◆ Problem requirements
Print the records exactly as given.

[Record excerpts — start]

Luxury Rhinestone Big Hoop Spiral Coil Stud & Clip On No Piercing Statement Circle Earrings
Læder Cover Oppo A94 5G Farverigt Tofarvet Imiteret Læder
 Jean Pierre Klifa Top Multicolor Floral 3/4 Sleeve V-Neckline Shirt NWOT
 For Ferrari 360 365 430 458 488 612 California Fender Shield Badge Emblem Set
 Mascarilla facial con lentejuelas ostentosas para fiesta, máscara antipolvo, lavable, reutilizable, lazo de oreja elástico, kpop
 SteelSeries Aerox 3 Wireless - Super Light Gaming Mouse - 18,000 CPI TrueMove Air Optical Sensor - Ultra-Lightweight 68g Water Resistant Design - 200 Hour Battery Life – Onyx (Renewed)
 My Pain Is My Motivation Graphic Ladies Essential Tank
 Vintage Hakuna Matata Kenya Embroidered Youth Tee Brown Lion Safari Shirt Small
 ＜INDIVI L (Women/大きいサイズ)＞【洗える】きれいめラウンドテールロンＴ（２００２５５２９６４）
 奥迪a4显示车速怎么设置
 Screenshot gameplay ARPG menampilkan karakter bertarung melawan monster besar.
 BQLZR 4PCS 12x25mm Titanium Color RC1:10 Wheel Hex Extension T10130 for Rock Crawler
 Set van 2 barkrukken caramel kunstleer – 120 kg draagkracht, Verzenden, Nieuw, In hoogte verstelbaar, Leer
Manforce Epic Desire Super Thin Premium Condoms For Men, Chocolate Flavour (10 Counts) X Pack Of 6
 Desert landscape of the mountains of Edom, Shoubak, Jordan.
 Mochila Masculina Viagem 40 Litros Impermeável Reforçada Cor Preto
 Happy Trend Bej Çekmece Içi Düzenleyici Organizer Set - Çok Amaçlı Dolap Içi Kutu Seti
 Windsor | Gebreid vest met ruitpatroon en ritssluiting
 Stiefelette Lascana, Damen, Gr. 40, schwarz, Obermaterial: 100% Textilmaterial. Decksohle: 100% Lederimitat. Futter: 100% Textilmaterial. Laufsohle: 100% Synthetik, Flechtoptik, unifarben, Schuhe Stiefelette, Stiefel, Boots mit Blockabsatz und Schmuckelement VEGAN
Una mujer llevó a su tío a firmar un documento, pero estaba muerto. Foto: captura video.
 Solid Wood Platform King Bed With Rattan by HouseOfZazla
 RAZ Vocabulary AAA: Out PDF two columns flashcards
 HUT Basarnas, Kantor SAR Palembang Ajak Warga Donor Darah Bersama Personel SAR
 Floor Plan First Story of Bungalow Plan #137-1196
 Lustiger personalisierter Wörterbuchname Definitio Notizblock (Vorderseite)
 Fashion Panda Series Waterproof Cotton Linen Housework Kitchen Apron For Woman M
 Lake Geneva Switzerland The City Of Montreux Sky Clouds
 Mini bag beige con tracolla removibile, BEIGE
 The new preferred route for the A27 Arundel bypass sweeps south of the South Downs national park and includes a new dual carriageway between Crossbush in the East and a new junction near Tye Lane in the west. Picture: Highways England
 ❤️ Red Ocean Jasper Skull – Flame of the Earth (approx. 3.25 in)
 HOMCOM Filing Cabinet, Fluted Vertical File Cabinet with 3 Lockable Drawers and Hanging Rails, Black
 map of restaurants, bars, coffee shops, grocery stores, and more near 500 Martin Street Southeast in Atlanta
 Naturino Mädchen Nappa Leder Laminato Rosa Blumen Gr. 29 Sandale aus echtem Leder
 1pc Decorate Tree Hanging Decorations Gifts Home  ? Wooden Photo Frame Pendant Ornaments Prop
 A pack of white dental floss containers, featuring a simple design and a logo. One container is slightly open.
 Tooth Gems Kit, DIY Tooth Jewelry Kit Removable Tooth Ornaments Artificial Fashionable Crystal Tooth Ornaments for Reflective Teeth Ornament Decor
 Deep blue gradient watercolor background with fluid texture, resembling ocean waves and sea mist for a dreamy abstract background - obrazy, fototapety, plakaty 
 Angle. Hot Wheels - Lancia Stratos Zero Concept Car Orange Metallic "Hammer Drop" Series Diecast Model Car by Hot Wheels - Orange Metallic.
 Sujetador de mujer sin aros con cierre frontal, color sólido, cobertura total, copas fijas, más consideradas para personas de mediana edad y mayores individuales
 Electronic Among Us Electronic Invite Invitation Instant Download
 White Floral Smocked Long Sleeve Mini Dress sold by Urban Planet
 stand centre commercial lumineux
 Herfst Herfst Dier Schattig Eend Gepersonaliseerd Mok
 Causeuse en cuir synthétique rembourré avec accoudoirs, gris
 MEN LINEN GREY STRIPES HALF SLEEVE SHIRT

[Record excerpts — finish]

◆ Task result
Luxury Rhinestone Big Hoop Spiral Coil Stud & Clip On No Piercing Statement Circle Earrings
Læder Cover Oppo A94 5G Farverigt Tofarvet Imiteret Læder
 Jean Pierre Klifa Top Multicolor Floral 3/4 Sleeve V-Neckline Shirt NWOT
 For Ferrari 360 365 430 458 488 612 California Fender Shield Badge Emblem Set
 Mascarilla facial con lentejuelas ostentosas para fiesta, máscara antipolvo, lavable, reutilizable, lazo de oreja elástico, kpop
 SteelSeries Aerox 3 Wireless - Super Light Gaming Mouse - 18,000 CPI TrueMove Air Optical Sensor - Ultra-Lightweight 68g Water Resistant Design - 200 Hour Battery Life – Onyx (Renewed)
 My Pain Is My Motivation Graphic Ladies Essential Tank
 Vintage Hakuna Matata Kenya Embroidered Youth Tee Brown Lion Safari Shirt Small
 ＜INDIVI L (Women/大きいサイズ)＞【洗える】きれいめラウンドテールロンＴ（２００２５５２９６４）
 奥迪a4显示车速怎么设置
 Screenshot gameplay ARPG menampilkan karakter bertarung melawan monster besar.
 BQLZR 4PCS 12x25mm Titanium Color RC1:10 Wheel Hex Extension T10130 for Rock Crawler
 Set van 2 barkrukken caramel kunstleer – 120 kg draagkracht, Verzenden, Nieuw, In hoogte verstelbaar, Leer
Manforce Epic Desire Super Thin Premium Condoms For Men, Chocolate Flavour (10 Counts) X Pack Of 6
 Desert landscape of the mountains of Edom, Shoubak, Jordan.
 Mochila Masculina Viagem 40 Litros Impermeável Reforçada Cor Preto
 Happy Trend Bej Çekmece Içi Düzenleyici Organizer Set - Çok Amaçlı Dolap Içi Kutu Seti
 Windsor | Gebreid vest met ruitpatroon en ritssluiting
 Stiefelette Lascana, Damen, Gr. 40, schwarz, Obermaterial: 100% Textilmaterial. Decksohle: 100% Lederimitat. Futter: 100% Textilmaterial. Laufsohle: 100% Synthetik, Flechtoptik, unifarben, Schuhe Stiefelette, Stiefel, Boots mit Blockabsatz und Schmuckelement VEGAN
Una mujer llevó a su tío a firmar un documento, pero estaba muerto. Foto: captura video.
 Solid Wood Platform King Bed With Rattan by HouseOfZazla
 RAZ Vocabulary AAA: Out PDF two columns flashcards
 HUT Basarnas, Kantor SAR Palembang Ajak Warga Donor Darah Bersama Personel SAR
 Floor Plan First Story of Bungalow Plan #137-1196
 Lustiger personalisierter Wörterbuchname Definitio Notizblock (Vorderseite)
 Fashion Panda Series Waterproof Cotton Linen Housework Kitchen Apron For Woman M
 Lake Geneva Switzerland The City Of Montreux Sky Clouds
 Mini bag beige con tracolla removibile, BEIGE
 The new preferred route for the A27 Arundel bypass sweeps south of the South Downs national park and includes a new dual carriageway between Crossbush in the East and a new junction near Tye Lane in the west. Picture: Highways England
 ❤️ Red Ocean Jasper Skull – Flame of the Earth (approx. 3.25 in)
 HOMCOM Filing Cabinet, Fluted Vertical File Cabinet with 3 Lockable Drawers and Hanging Rails, Black
 map of restaurants, bars, coffee shops, grocery stores, and more near 500 Martin Street Southeast in Atlanta
 Naturino Mädchen Nappa Leder Laminato Rosa Blumen Gr. 29 Sandale aus echtem Leder
 1pc Decorate Tree Hanging Decorations Gifts Home  ? Wooden Photo Frame Pendant Ornaments Prop
 A pack of white dental floss containers, featuring a simple design and a logo. One container is slightly open.
 Tooth Gems Kit, DIY Tooth Jewelry Kit Removable Tooth Ornaments Artificial Fashionable Crystal Tooth Ornaments for Reflective Teeth Ornament Decor
 Deep blue gradient watercolor background with fluid texture, resembling ocean waves and sea mist for a dreamy abstract background - obrazy, fototapety, plakaty 
 Angle. Hot Wheels - Lancia Stratos Zero Concept Car Orange Metallic "Hammer Drop" Series Diecast Model Car by Hot Wheels - Orange Metallic.
 Sujetador de mujer sin aros con cierre frontal, color sólido, cobertura total, copas fijas, más consideradas para personas de mediana edad y mayores individuales
 Electronic Among Us Electronic Invite Invitation Instant Download
 White Floral Smocked Long Sleeve Mini Dress sold by Urban Planet
 stand centre commercial lumineux
 Herfst Herfst Dier Schattig Eend Gepersonaliseerd Mok
 Causeuse en cuir synthétique rembourré avec accoudoirs, gris
 MEN LINEN GREY STRIPES HALF SLEEVE SHIRT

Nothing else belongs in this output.